Common toolsD3.js, Gephi, NetworkX, igraph, Cytoscape
Common mistakesMixing node types, too many crossings, random ordering, no visual distinction

// 09 — Variations

Types of bipartite graphs

The basic bipartite graph has several layout and analytical variants suited to different analysis needs.

Weighted bipartite graph

Edges carry numeric weights representing strength, frequency, or volume of the relationship between nodes.

k-partite graph

Extends to three or more node sets. Edges only connect nodes from different sets, enabling multi-type relationship modeling.

One-mode projection

Projects the bipartite graph onto one set, connecting nodes that share at least one common neighbor in the other set.

Biadjacency matrix

A matrix representation where rows are one set, columns the other, and filled cells indicate edges. Scales better for large graphs.

// 10 — FAQs

Frequently asked questions

What is a bipartite graph?+

A bipartite graph (also called a two-mode network) is a type of network where nodes are divided into two distinct groups, and edges only connect nodes from one group to the other — never within the same group. Think of it as a matchmaking diagram: one side lists one type of entity, the other side lists another, and lines show which pairs are related.

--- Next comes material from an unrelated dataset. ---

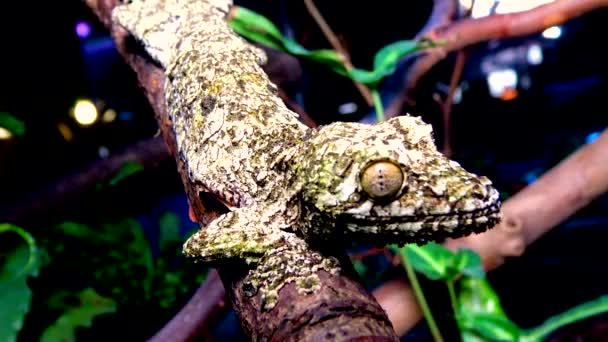 Moosblättriger Gecko Uroplatus Sikorae Eidechse Mit Tarnfarbe Auf Einem Ast — Stockvideo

When should you use a bipartite graph?+

Use a bipartite graph when you have two distinct types of entities with relationships between them (e.g., people ↔ events). It also works well when you want to reveal which items from Set A connect to which items in Set B, and when exploring co-occurrence patterns — which nodes share common neighbors across sets.

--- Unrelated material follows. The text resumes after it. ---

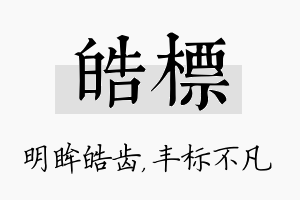 皓标名字的寓意及含义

When should you avoid a bipartite graph?+

Avoid a bipartite graph when your nodes are all the same type — use a standard network graph instead. It is also a poor fit when you have edges within the same set — violates the bipartite constraint, or when there are too many nodes on both sides (>50 each), creating an unreadable hairball.

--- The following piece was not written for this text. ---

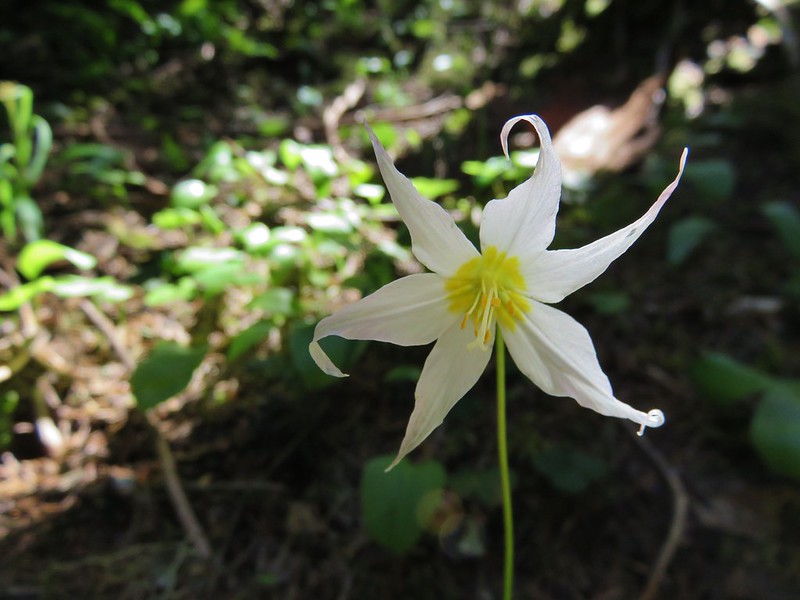 Avalanche lily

Is a bipartite graph suitable for dashboards?+

Yes — a bipartite graph can work well in dashboards as long as the panel is large enough for readers to perceive the encoded values, has a clear title, and includes the legend or axis labels needed to interpret it.

What category of chart is a bipartite graph?+

Bipartite Graph belongs to the Network family of charts. Charts in that family are designed to answer the same kind of question, so they often work as alternatives when one doesn't quite fit your data.

How do you read a bipartite graph?+

Start with the axis labels and legend, then look at the overall shape before zooming into individual marks. Compare prominent features against the rest of the data, and verify any conclusion against the underlying numbers when precision matters.